WHAT IS BEING ASKED: Go to the line in the entries below that holds "Two Bare Feet" and repeat exactly from there through the line that holds "2003 Honda Odyssey", inclusive.

(Stored items)
::::::::::

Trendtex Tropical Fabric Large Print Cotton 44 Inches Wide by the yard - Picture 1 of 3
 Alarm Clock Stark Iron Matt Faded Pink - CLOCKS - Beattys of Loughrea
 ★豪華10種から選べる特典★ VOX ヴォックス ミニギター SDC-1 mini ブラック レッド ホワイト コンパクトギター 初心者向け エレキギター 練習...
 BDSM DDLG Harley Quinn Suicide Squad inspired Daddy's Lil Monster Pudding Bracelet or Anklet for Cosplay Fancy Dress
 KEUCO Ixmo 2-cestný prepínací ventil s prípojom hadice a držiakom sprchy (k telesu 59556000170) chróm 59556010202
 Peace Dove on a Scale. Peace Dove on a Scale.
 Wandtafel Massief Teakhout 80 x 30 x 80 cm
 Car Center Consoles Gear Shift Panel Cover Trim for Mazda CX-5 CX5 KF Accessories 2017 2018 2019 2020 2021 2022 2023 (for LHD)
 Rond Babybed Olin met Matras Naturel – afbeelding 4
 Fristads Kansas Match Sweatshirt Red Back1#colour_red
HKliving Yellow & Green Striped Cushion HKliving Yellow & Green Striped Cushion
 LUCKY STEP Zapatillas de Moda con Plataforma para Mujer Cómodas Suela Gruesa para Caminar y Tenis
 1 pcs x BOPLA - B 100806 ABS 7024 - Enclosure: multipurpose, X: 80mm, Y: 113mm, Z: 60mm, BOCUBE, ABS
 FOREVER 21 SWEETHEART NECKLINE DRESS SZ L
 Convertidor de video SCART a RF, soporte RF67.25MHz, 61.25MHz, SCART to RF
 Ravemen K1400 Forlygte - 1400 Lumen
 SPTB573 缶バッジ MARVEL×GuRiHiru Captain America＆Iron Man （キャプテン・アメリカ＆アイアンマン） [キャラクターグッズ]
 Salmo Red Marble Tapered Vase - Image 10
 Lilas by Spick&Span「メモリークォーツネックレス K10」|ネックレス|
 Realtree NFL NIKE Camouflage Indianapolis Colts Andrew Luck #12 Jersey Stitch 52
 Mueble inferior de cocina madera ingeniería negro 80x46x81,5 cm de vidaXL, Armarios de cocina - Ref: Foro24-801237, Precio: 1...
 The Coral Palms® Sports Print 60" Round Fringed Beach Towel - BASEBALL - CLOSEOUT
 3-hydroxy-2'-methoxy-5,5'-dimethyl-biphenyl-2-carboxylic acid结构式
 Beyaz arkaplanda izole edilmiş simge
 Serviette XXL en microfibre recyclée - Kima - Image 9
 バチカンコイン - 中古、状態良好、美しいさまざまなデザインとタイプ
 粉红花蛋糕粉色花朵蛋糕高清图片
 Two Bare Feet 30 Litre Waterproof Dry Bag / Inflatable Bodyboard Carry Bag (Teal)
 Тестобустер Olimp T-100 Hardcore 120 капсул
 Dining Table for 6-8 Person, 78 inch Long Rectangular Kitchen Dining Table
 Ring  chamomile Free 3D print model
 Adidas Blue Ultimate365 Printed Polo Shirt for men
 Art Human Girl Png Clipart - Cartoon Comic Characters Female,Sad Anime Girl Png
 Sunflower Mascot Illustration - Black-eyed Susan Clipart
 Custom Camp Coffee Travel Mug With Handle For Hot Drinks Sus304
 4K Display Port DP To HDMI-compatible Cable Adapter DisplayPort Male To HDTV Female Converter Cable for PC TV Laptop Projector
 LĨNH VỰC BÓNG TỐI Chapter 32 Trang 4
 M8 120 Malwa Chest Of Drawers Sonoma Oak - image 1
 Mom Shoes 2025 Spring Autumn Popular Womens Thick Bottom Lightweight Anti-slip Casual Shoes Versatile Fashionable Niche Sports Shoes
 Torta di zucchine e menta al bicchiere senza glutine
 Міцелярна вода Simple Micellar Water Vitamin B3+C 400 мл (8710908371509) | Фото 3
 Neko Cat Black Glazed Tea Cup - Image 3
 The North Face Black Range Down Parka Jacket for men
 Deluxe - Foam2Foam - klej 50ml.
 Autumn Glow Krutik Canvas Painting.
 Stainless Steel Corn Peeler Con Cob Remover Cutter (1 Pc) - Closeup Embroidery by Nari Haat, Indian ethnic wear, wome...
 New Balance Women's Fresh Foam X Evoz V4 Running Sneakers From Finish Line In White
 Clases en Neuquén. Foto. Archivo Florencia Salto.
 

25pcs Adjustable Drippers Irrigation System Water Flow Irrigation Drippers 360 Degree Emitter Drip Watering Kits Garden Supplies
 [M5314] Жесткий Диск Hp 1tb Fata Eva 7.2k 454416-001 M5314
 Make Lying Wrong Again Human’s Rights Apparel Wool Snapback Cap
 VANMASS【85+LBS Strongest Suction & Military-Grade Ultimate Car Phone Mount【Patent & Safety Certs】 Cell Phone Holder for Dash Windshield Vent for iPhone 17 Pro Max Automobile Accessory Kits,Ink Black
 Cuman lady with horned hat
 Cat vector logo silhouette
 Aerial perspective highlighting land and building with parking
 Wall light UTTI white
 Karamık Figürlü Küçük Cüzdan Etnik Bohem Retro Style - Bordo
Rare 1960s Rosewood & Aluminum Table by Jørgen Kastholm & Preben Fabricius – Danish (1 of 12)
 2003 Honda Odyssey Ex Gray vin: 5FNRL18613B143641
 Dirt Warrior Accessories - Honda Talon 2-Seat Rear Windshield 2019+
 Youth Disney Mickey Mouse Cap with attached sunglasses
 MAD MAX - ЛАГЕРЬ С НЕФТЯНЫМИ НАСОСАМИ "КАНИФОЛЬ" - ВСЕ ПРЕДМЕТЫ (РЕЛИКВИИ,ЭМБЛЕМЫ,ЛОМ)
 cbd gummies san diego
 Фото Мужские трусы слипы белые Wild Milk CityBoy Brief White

::::::::::

EXPECTED ANSWER:
 Two Bare Feet 30 Litre Waterproof Dry Bag / Inflatable Bodyboard Carry Bag (Teal)
 Тестобустер Olimp T-100 Hardcore 120 капсул
 Dining Table for 6-8 Person, 78 inch Long Rectangular Kitchen Dining Table
 Ring  chamomile Free 3D print model
 Adidas Blue Ultimate365 Printed Polo Shirt for men
 Art Human Girl Png Clipart - Cartoon Comic Characters Female,Sad Anime Girl Png
 Sunflower Mascot Illustration - Black-eyed Susan Clipart
 Custom Camp Coffee Travel Mug With Handle For Hot Drinks Sus304
 4K Display Port DP To HDMI-compatible Cable Adapter DisplayPort Male To HDTV Female Converter Cable for PC TV Laptop Projector
 LĨNH VỰC BÓNG TỐI Chapter 32 Trang 4
 M8 120 Malwa Chest Of Drawers Sonoma Oak - image 1
 Mom Shoes 2025 Spring Autumn Popular Womens Thick Bottom Lightweight Anti-slip Casual Shoes Versatile Fashionable Niche Sports Shoes
 Torta di zucchine e menta al bicchiere senza glutine
 Міцелярна вода Simple Micellar Water Vitamin B3+C 400 мл (8710908371509) | Фото 3
 Neko Cat Black Glazed Tea Cup - Image 3
 The North Face Black Range Down Parka Jacket for men
 Deluxe - Foam2Foam - klej 50ml.
 Autumn Glow Krutik Canvas Painting.
 Stainless Steel Corn Peeler Con Cob Remover Cutter (1 Pc) - Closeup Embroidery by Nari Haat, Indian ethnic wear, wome...
 New Balance Women's Fresh Foam X Evoz V4 Running Sneakers From Finish Line In White
 Clases en Neuquén. Foto. Archivo Florencia Salto.
 

25pcs Adjustable Drippers Irrigation System Water Flow Irrigation Drippers 360 Degree Emitter Drip Watering Kits Garden Supplies
 [M5314] Жесткий Диск Hp 1tb Fata Eva 7.2k 454416-001 M5314
 Make Lying Wrong Again Human’s Rights Apparel Wool Snapback Cap
 VANMASS【85+LBS Strongest Suction & Military-Grade Ultimate Car Phone Mount【Patent & Safety Certs】 Cell Phone Holder for Dash Windshield Vent for iPhone 17 Pro Max Automobile Accessory Kits,Ink Black
 Cuman lady with horned hat
 Cat vector logo silhouette
 Aerial perspective highlighting land and building with parking
 Wall light UTTI white
 Karamık Figürlü Küçük Cüzdan Etnik Bohem Retro Style - Bordo
Rare 1960s Rosewood & Aluminum Table by Jørgen Kastholm & Preben Fabricius – Danish (1 of 12)
 2003 Honda Odyssey Ex Gray vin: 5FNRL18613B143641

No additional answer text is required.